**EXERCISE**
An exact copy, beginning at the line containing "White 40s peplum blouse" and ending at the final line of the records that follow, is the answer; it has no pictures and no other text.

**DATA FOR THE TASK**
◇ ◇ ◇ ◇
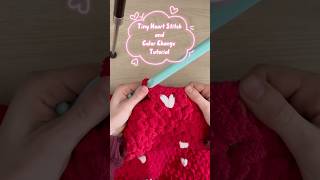 Mini Heart Stitch and Color Change #crochettutorial #crochet #heartcrochet #fire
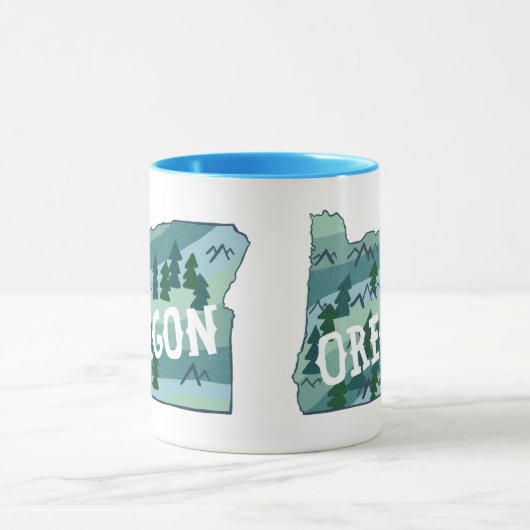 Oregon Staat Karte Beschreibung Tasse (Zentrum)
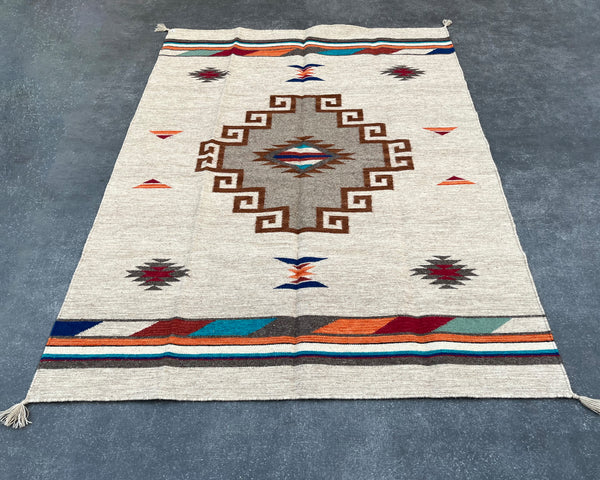 Two Grey Hills - Southwestern Wool Flatweave Rug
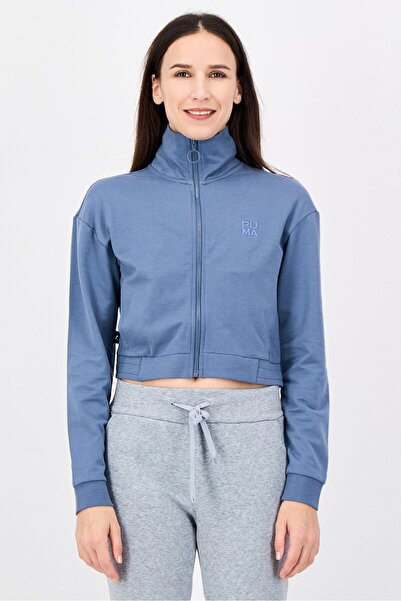 Puma Women Sportswear Fit Long Sleeve Outdoor Cropped Sweatshirt, Slate Blue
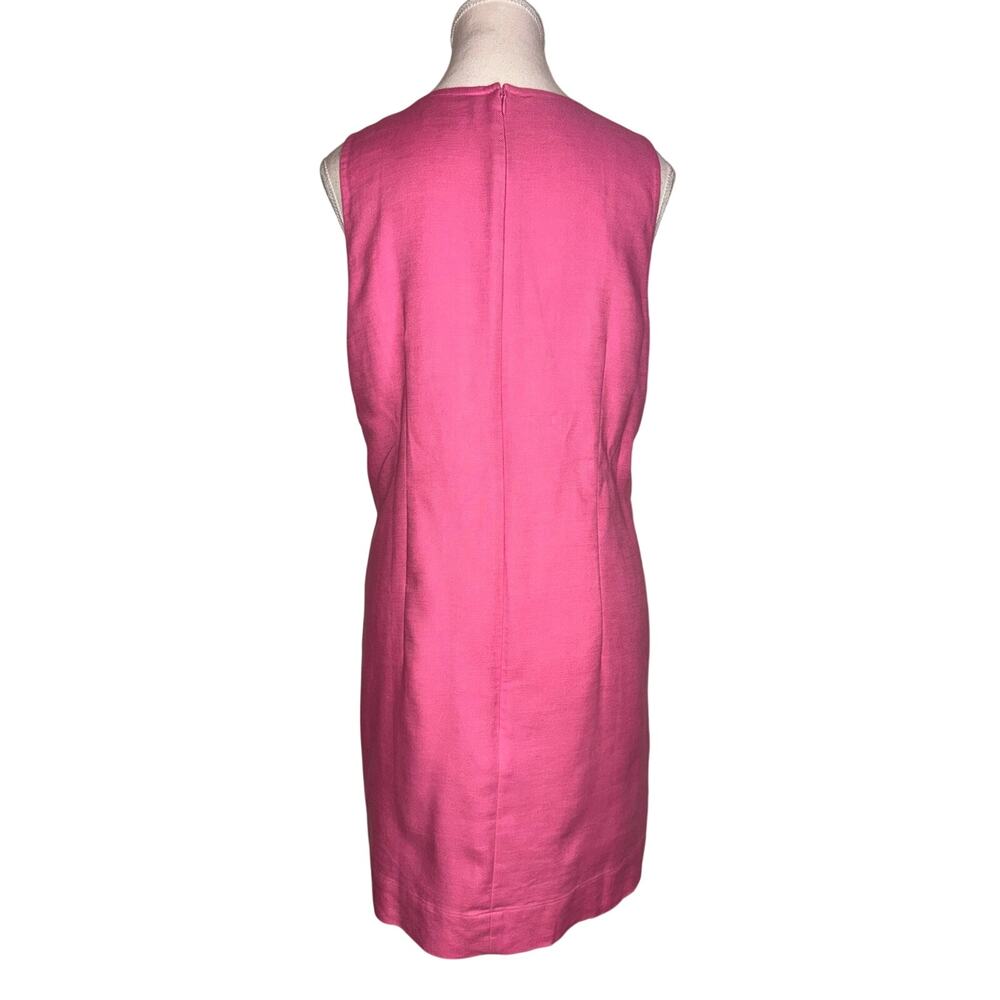 J.Crew Re-Imagined Pink Linen Blend Bow Front Shift Dress Woman’s Size Large - Picture 4 of 16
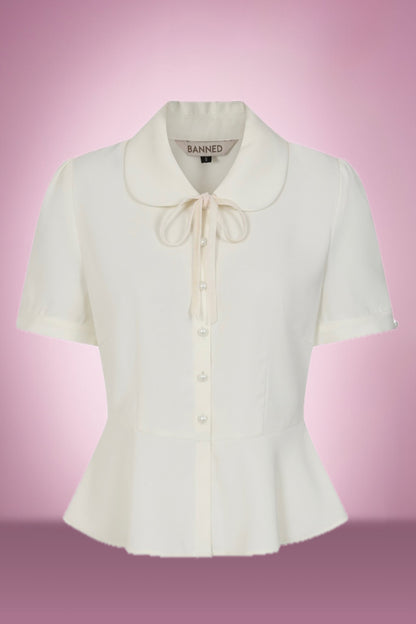 White 40s peplum blouse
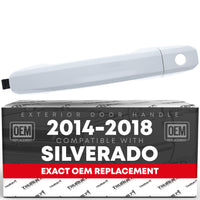 Chevrolet Silverado GMC Sierra Exterior Front Driver Door Handle - Olympic White with Keyhole, Plastic - Front Driver Door Handle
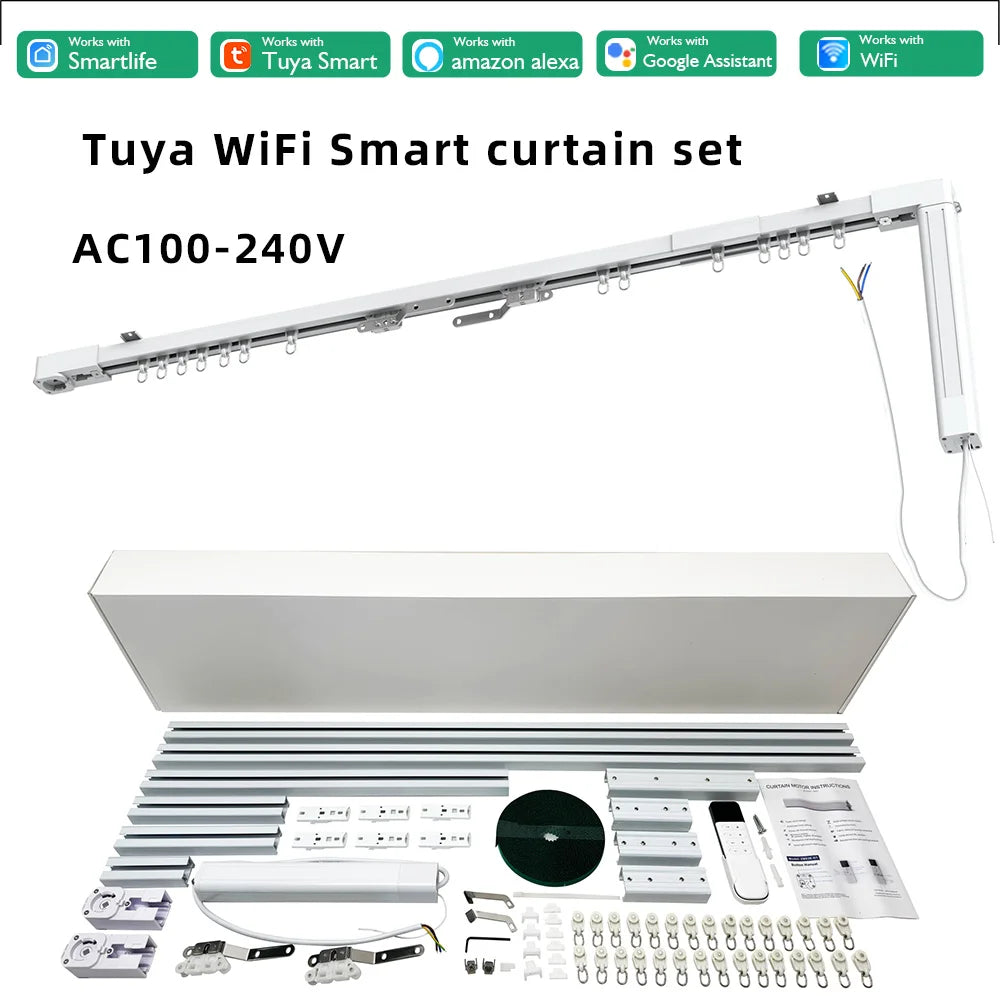 Kit de cortina inteligente Diy automático, sistema con controlador de cortina inteligente Tuya Wifi, Control remoto y pistas de riel eléctrico motorizado Alexa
◇ ◇ ◇ ◇
**SOLVED PROBLEM**
 White 40s peplum blouse
 Chevrolet Silverado GMC Sierra Exterior Front Driver Door Handle - Olympic White with Keyhole, Plastic - Front Driver Door Handle
 Kit de cortina inteligente Diy automático, sistema con controlador de cortina inteligente Tuya Wifi, Control remoto y pistas de riel eléctrico motorizado Alexa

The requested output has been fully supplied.